Janet Abramovitz, a senior researcher at Worldwatch Institute, tells RFE/RL that according to preliminary estimates, the disasters caused at least $89 billion in economic losses globally.
Abramovitz says: "And this far exceeds the previous losses for the entire decade of the 1980s of $55 billion."
She says the total financial loss represents a 48 percent increase over the previous record of $60 billion set in 1996.
Abramovitz says that "from China to Central America, the evidence is now clear that some of the most damaging weather-related events in 1998 were 'unnatural' disasters." She says "Deforestation has left many steep hillsides bare, causing rainfall to run quickly into rivers rather than being absorbed, and often leading to devastating landslides and floods."
The costliest disaster of 1998 was the flooding of China's Yangtze River, which the institute says killed 3,700 people, dislocated 223 million people and cost $30 billion.

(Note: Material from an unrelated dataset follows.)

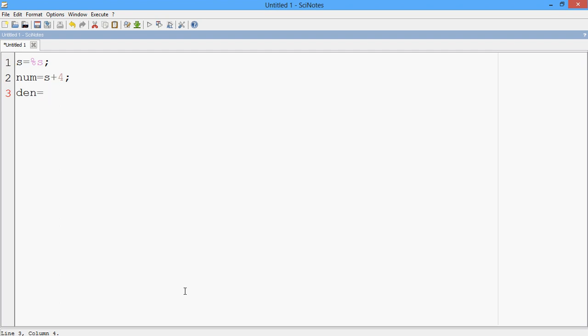And my denominator is, let me say, S plus 1 into S plus 2 into S plus 6. So this is my denominator.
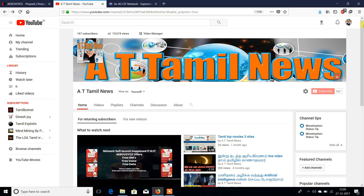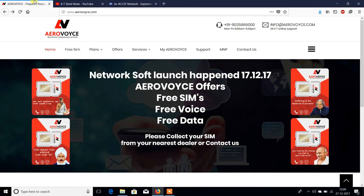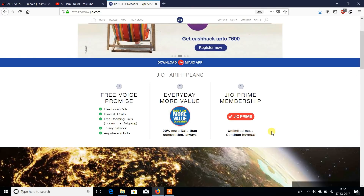I am going to show you the Aerovoyce SIM. I will show you how to use Airways.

The study notes that heavy summer rains are common in China but also points out that the Yangtze Basin has lost 85 percent of its forest due to logging and agriculture in recent decades. It says wetlands have been drained and the river heavily dammed, increasing the speed and severity of floods.
Among the other worst 1998 disasters were:
Hurricane Mitch
During the month of November, it caused between 9,000 and 11,000 deaths in the Central American nations of Honduras, Nicaragua, Guatemala and El Salvador. Hurricane Mitch was the deadliest Atlantic storm in 200 years. Damage in Honduras alone is estimated at $4 billion, which is equal to one-third of the country's gross domestic product.
Jerry Jarrell, the director of the National Hurricane Center in the U.S. city of Miami, Florida, says coastal communities can develop effective evacuation plans to reduce the danger and deaths from storms.
Jarrell says: "We expected there to be a disaster but I don't think anyone expected 10,000 or 12,000 dead. I don't think we were giving the real flavor of the impending disaster."
Indonesian Fires
About $4.4 billion in property damage. Fires began late last year and spilled into early 1998.
Bangladesh Floods
Described as the most extensive flood in that country's history, leaving 30 million people temporarily homeless and damaging more than 15,000 kilometers of roads. Total damage is estimated at $3.4 billion.
Canada, Northeastern U.S. Ice Storms
They took place in January 1998, causing about $2.5 billion in damage.
Hurricane George
About 4,000 people killed in Haiti and the Dominican Republic when the hurricane rolled through the Caribbean area in September 1998. Damage is estimated at $2 billion.
Cyclone in India
About 10,000 people are estimated to have lost their lives when the cyclone ripped through India in June.
While meteorologists link some of the 1998 weather disasters to El Nino and its aftermath, the institute says no previous El Nino has resulted in such devastation. El Nino is an atmospheric and oceanic phenomenon which increases the water temperature around the equator in the central Pacific. El Nino generally occurs about every two to seven years between October and June and has important consequences for weather and climate around the globe.
In the United States this year, tornadoes caused wide-spread property damage and casualties.
The Worldwatch Institute says other disasters this year included fires in Siberia that burned down huge areas of forests, floods in Turkey that caused $2 billion in property damage, and extensive fires in Brazil.
Also, a winter storm in Eastern Europe resulted in more than 100 people freezing to death in early December with Poland especially hard hit. In the Romanian capital Bucharest, police say 15 people died during the first December weekend in car accidents after freezing rain turned roads into sheets of ice.
The report said: "As 1998 comes to a close, governments are beginning to recognize the role of human activities in worsening natural disasters. In China, where government officials initially denied that the Yangtze floods were anything but natural, the state council has now recognized the human factor. It has banned logging in the upper Yangtze watershed, prohibited additional land reclamation projects in the river's flood plain and earmarked $2 billion to forest the watershed."
The study concludes that unless the ravaged nations rebuild along a patch of "sustainable development that emphasizes restoring and maintaining healthy ecosystems, they risk even greater exposure to devastation of unnatural disasters in the future."